In der Originalfassung werden Gnomeo und Julia von James McAvoy und Emily Blunt gesprochen.

Dass Alltagsgegenstände in unbeobachteten Momenten ein geheimes Doppelleben führen, kennen wir aus „Toy Story“. Dass (egal welche) Wesen in einer ihnen fremden Umgebung ein waghalsiges Abenteuer bestehen müssen, ist Animations- und Familienfilmusus. Und dass es in „Sherlock Gnomes“ um den britischen Meisterdetektiv von Sir Arthur Conan Doyle geht, dürfte jetzt auch keine allzu große Überraschung sein. Darüber hinaus hält sich die animationstechnische Finesse in Grenzen; gemessen am Disney-, Pixar- und Dreamworks-Standard hat „Sherlock Holmes“ allenfalls die visuellen Qualitäten einer 3D-Fernsehserie. Für mehr fehlt es den Hintergründen an Detailarbeit und die Figuren sind in ihrem Dasein als Gartenzwerge außerdem in der Bewegung eingeschränkt. Eine animationstechnische Feinarbeit lässt sich da nur schwer ausmachen. Dafür reihen die Macher auf akustischer Ebene endlich nicht mehr angestrengt einen Elton-John-Song an den nächsten, sondern betten sie halbwegs schlüssig in den Kontext ein und riskieren außerdem die Verwendung eigens für den Film komponierter Musiken. Dadurch erweckt „Sherlock Gnomes“, anders als „Gnomeo und Julia“, nicht mehr den Eindruck lieblos kalkulierten Stückwerks, sondern besitzt ein inszenatorisches Konzept und erzählerisch einen roten Faden.

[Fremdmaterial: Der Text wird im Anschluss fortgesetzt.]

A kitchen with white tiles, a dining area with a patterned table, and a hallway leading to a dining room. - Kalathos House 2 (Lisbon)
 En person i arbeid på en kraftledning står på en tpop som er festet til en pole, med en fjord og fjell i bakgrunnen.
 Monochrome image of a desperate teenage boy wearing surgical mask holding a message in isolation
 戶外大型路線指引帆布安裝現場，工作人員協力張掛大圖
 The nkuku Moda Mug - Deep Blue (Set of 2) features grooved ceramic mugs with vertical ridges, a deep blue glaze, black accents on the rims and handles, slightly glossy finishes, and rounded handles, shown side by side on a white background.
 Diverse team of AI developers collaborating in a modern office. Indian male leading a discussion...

In erster Linie geht es in „Sherlock Gnomes“ darum, das Verschwinden diverser Gartenzwerge aufzuklären. Dafür treten Meisterdetektiv Sherlock Gnomes und sein Assistent Watson aufs Parkett, die sich ganz ihrer literarischen Vorlage nach verhalten: Gnomes mimt den von sich selbst überzeugten Schnösel, Watson den unter seiner Fuchtel stehenden Komparsen, der immer wieder betont, wie sehr er sich Wertschätzung und Achtung von seinem Umfeld wünscht. Unter Zuhilfenahme einer Reihe äußerst offensichtlicher Querverweise in Richtung der bekanntesten Doyle-Werke verläuft der Ermittlerplot lange Zeit ebenso temporeich wie überraschungsarm. Erst in der zweiten Hälfte kommt das Skript von Ben Zazove („Zahnfee auf Bewährung 2“) mit zwei Überraschungen ums Eck, auf die die film- und holmeserprobten Zuschauer kommen könnten, während die Twists beim jüngeren Publikum ordentlich einschlagen dürften. Überhaupt ist in „Sherlock Gnomes“ für sämtliche Altersgruppen etwas dabei. Animationsfilmkonkurrenz wie Pixar löst das Problem der zielgruppenübergreifenden Unterhaltung zwar durchaus eleganter – hier sind es in erster Linie die altbewährten Popkulturreferenzen, die für die ältere Generation gemacht sind. Dafür ist es ja vornehmlich die Vorlage „Sherlock Holmes“ an sich, mit der gerade die Erwachsenen mehr verbinden dürfte, als die Kinder.

Die Zwerge in „Sherlock Gnomes“ wittern Gefahr: Immer mehr ihrer Kameraden verschwinden spurlos.

Während dem Film seine holprige Produktionshistorie schon allein schon daran anzumerken ist, wie positiv er sich von seinem lieblosen Vorgänger abhebt und dabei in seinen vielen Facetten trotzdem nicht immer wie aus einem Guss wirkt, haben die Synchronsprecher ganze Arbeit geleistet, um die kleinen Gartenzwerge mit Leben zu erfüllen. In der deutschen Synchronfassung wurde, anders als im Original, auf das Mitwirken namhafter Schauspieler verzichtet. Stattdessen gibt sich das Who-is-Who der deutschen Synchronbranche die Klinke in die Hand; auch auf vermeintlich witzige Cameos wurde dankenswerterweise verzichtet. Auch im Deutschen finden diverse Wortspiele und „Sherlock Holmes“-Referenzen immer noch ihren Weg zum Publikum. Sonderlich subtil ist das nicht; etwa, wenn Sherlock Holmes bemerkt, dass ein Hund im Park von der Familie Baskerville stammt und ihm nicht wohlgesonnen ist. Dafür bleiben er und sein Assistent nicht die einzigen bekannten Weggefährten aus den Detektivgeschichten – und auch sein Erzfeind Moriarty bekommt einen angemessen exzentrischen Auftritt. Das alles ist in seiner Plakativität weit entfernt von smart-cleverem Animationskino, doch als kurzweiliger Knobelspaß für Zwischendurch, lässt sich „Sherlock Gnomes“ auch ohne die vorhandene Innovation genießen, ohne dass es wehtut – und zwar klein ebenso wenig wie groß.

Fazit: Gemessen am lauen Vorgänger ist „Sherlock Gnomes“ überraschend unterhaltsam. Im Vergleich zu allen anderen Animationsfilmen dieser Welt reicht es immerhin für ein solides Mittelfeld.

„Sherlock Gnomes“ ist ab dem 3. Mai in den deutschen Kinos zu sehen.